• _Prompt_
Ignoring every picture, return the lines of the listing below word for word, from the line that holds "Rzekła rzepa rzepakowi." through the line that holds "Alex Pereira UFC".
(Data records Opens)
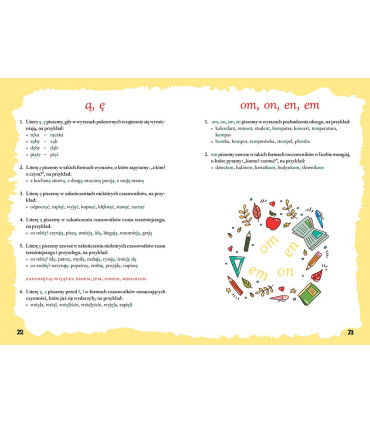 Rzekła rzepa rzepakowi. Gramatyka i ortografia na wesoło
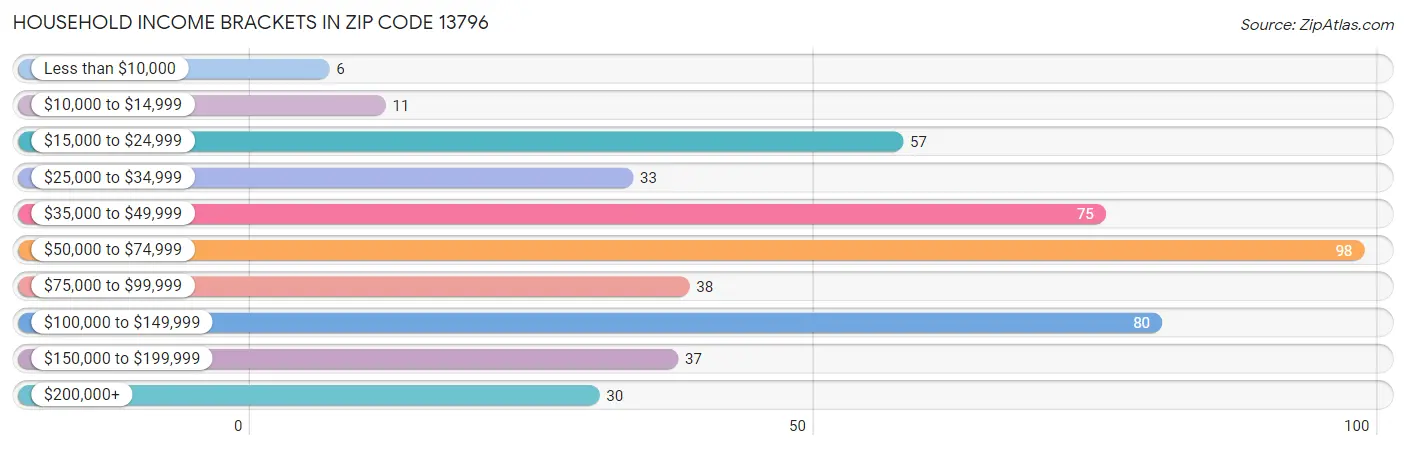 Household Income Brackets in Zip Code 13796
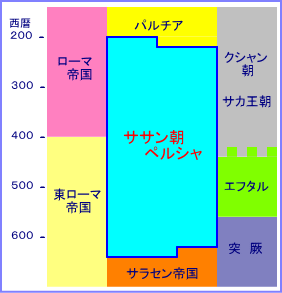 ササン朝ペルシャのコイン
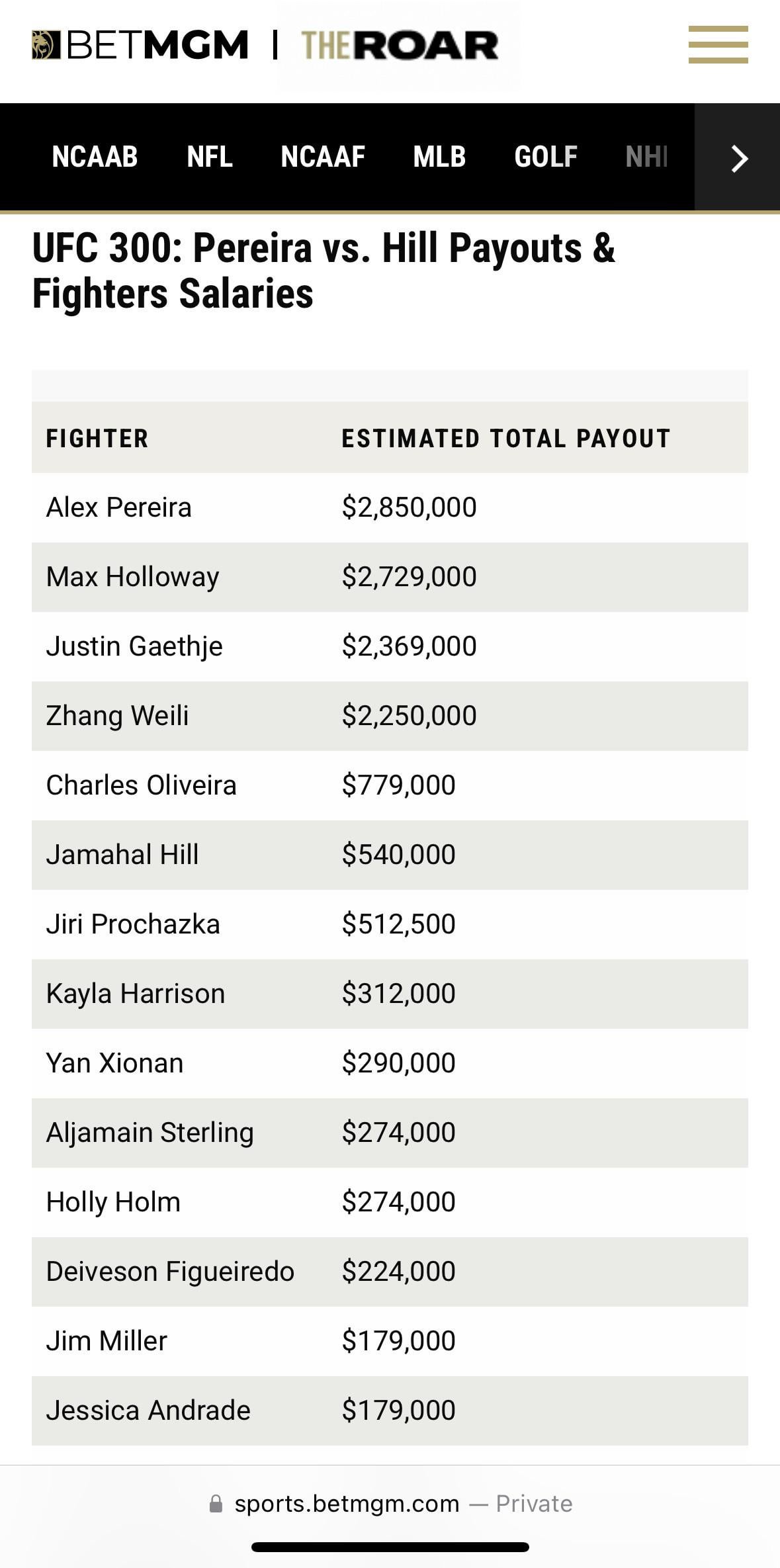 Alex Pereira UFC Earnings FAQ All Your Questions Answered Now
(Data records Closes)
(Data records Opens)
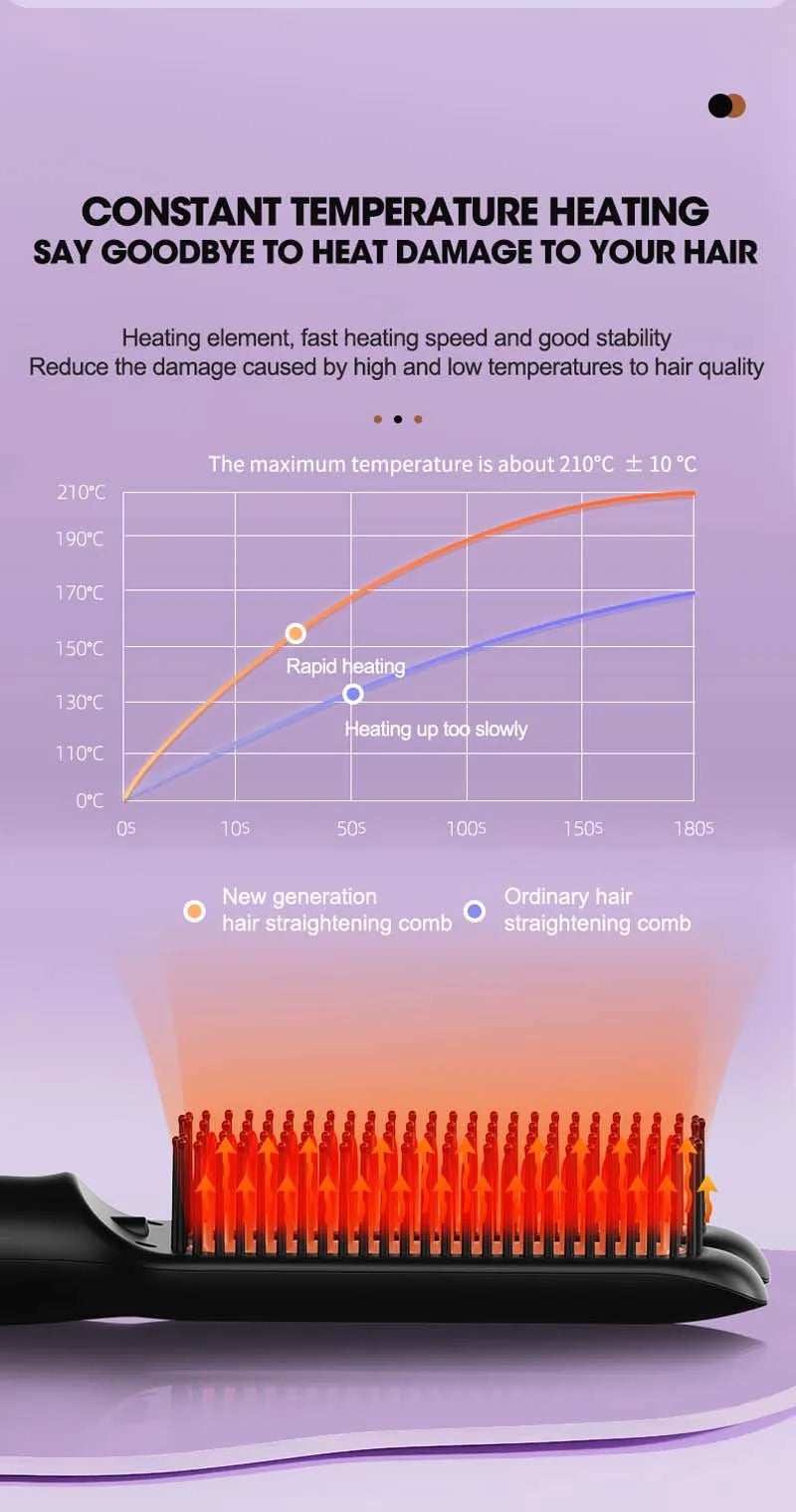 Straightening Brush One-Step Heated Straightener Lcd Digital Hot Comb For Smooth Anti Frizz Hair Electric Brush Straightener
(Data records Closes)
• _Solution_
 Rzekła rzepa rzepakowi. Gramatyka i ortografia na wesoło
 Household Income Brackets in Zip Code 13796
 ササン朝ペルシャのコイン
 Alex Pereira UFC Earnings FAQ All Your Questions Answered Now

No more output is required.